Con un “fatturato” di circa 34 miliardi di dollari l’anno, la tratta a scopo di sfruttamento è una delle attività illegali più redditizie. I criminali che vanno a caccia di donne disposte a emigrare le adescano, ad esempio, promettendo un lavoro, un marito ricco, una sistemazione sicura. Una volta arrivate a destinazione, scoprono di essere state vendute a una rete di prostituzione. Altre donne subiscono la stessa sorte, però consegnate ai trafficanti dai genitori: illusi a loro volta da false promesse – “andranno a scuola, guadagneranno bene, manderanno tanti soldi a casa” – o disposti a cederle in cambio di denaro.

La Nigeria è uno dei governi africani che hanno incominciato a preoccuparsi dei danni dell’emigrazione in generale, e più ancora di quella irregolare. Per aprire gli occhi alla gente, metterla in guardia, due anni fa nelle strade delle città principali sono comparsi dei manifesti. Uno mostra in primo piano un uomo e una giovane donna. “Ti trovo un lavoro in Italia” promette l’uomo alla ragazza. Sotto si legge a grandi lettere: “Diffida degli estranei che fanno offerte allettanti: un lavoro all’estero, un matrimonio... I trafficanti di uomini conoscono molti trucchi. RIFIUTA!”

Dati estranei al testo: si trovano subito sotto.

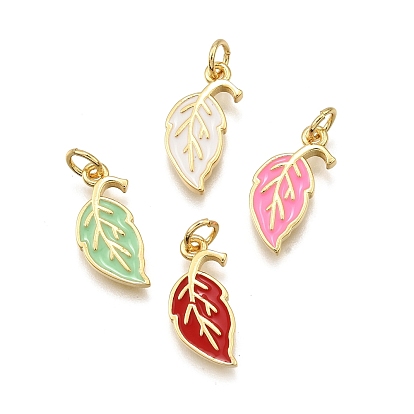 Латунь эмаль подвески, с целью перехода в кольце, стойки покрытие, долговечный, без свинца и без кадмия, реальный 18 k позолоченный, очарование листа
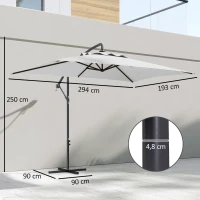Outsunny Parasol déporté parasol rectangulaire extérieur manivelle et 6 baleines acier protection UV 294 x 193 x 250 cm(m-3)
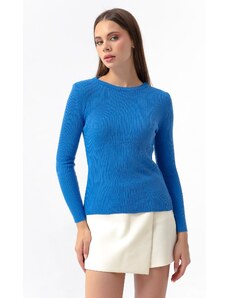 Lafaba Dámský modrý pletený svetr s kulatým výstřihem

Vittime di tratta o dei trafficanti, e per doloroso che sia il loro passato, le 12 donne di cui tutta l’Italia parla non possono sperare di ottenere lo status di rifugiato, neanche Faith, dal momento che la minaccia rappresentata da Boko Haram dal 2015 si è molto ridimensionata. Potrebbero ottenere protezione sussidiaria oppure un permesso di soggiorno per motivi umanitari. Lontano da casa, tra gente che parla una lingua che non conoscono, dipendenti in tutto, in ogni minima cosa: ancora non si rendono conto di essere ospiti di un paese che, per dar loro un futuro, renderle autonome, in grado di provvedere a se stesse dovrà sostenere ingenti spese per anni e non è detto che possa e voglia farlo.